I will describe what the network model looks like, what to consider as input data, what output data should be expected, and how the algorithm calculating the routes works.

In the second part of this article, I will show you how to optimize this process knowing the geographical locations of bus stops.

## Prerequisites for Generating Public Transit Routes

First, let’s discuss the input data. This consists of data entered by the user, as well as bus timetable data alongside information of the geographical location of the routes. The data sets provided by the user can include:

- Initial bus stop
- Terminal bus stop
- Travel starting time
- Maximum time that the user is willing to spend on transferring between bus stops (as part of a change)

Bus stop geographical location data sets must consist of:

- Longitude
- Latitude
- ID of a bus stop
- Type of transit stop (tram, bus, tram-bus)

Timetable data must be composed of a variance list of each bus line (there may be many variants of one line, e.g. a variant taking into account a detour of certain streets).

Each variant of the journey contains its list of bus stops, with the bus stop information including:

- Name of the bus stop
- Corresponding street
- Bus stop’s ID corresponding to the one of the bar in the list of transit stops
- List of timetables for a given day (Weekdays, Saturday, and Sunday)
- A list of departure times from a given transit stop for each day (tram or bus)

Another issue is the mock-up of the transport network model. One of the easiest and most frequently used models presenting this network is a directed graph. In this model, bus stops act as vertices, and the transit network connections make up the edges of the graph.

For example, bus travel from transit stop A to transit stop B or pedestrian journeys. On-foot journeys, as the name implies, are those that can be reached on-foot within a short time, e.g. 5 minutes.

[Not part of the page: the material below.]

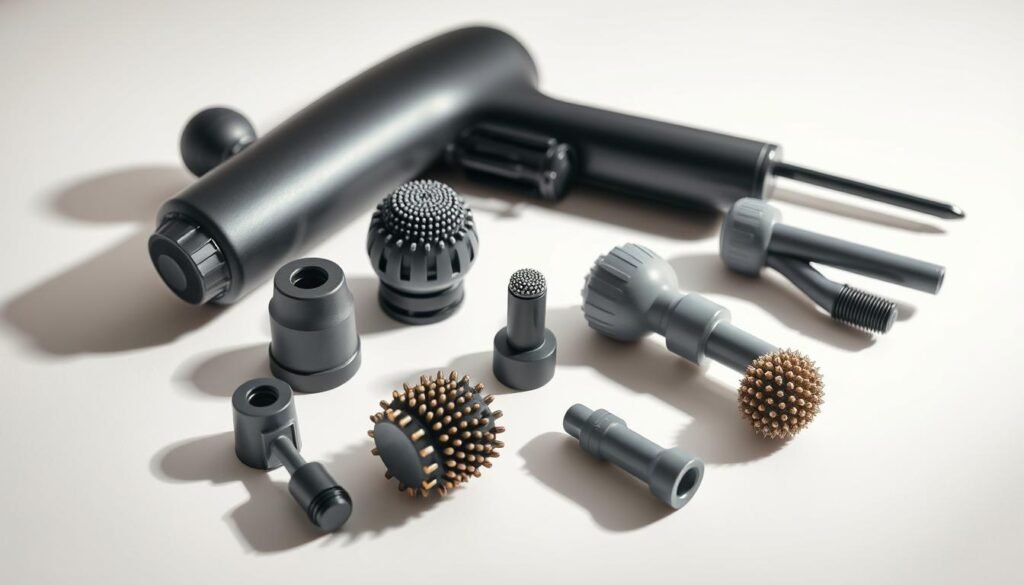 A sleek and modern close-up composition showcasing an assortment of massage gun attachments. The attachments are arranged neatly on a minimalist, light-colored surface, casting soft shadows. The attachments are depicted with precise, high-resolution detail, highlighting their varied shapes, textures, and materials - from smooth plastic to rugged rubber. The lighting is soft and diffused, creating a clean, professional atmosphere suitable for an informative article on self-massage techniques. The camera angle is slightly angled to provide an engaging, three-dimensional perspective on the tools. An overall sense of order, utility, and wellness pervades the scene.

Below you can see an exemplary graphic displaying the vertices of such a graph superimposed on a map of Wrocław, Poland.

## Problem Specification

To illustrate the problem, I created an example graph of transit links:

The graph corresponds with a sample public transport timetable:

If the passenger intends to travel from transit stop 10 to transit stop 9, they can take three possible routes:

- The first route assumes a transfer between buses at
*transit stop**4*from the*B**lue**L**ine*to the*R**ed**L**ine*. - The second route assumes that the passenger will travel along the
*B**lue**L**ine*to*transit**stop**6*, where they will proceed on-foot to*transit**stop 5*, from where they will continue their journey along the*R**ed**L**ine*. - Route number three is one of the least ideal in terms of the number of stops. This route adopts a circular route, consisting of travel along
*Blue*and*Black Lines*, with a final interchange at*transit**stop 11*onto the*G**reen**L**ine*. Such a ‘roundabout’ route can be run, for example, through the city beltway and despite the greater number of transit stops along the route, it may prove faster than an alternative trip through city center traffic.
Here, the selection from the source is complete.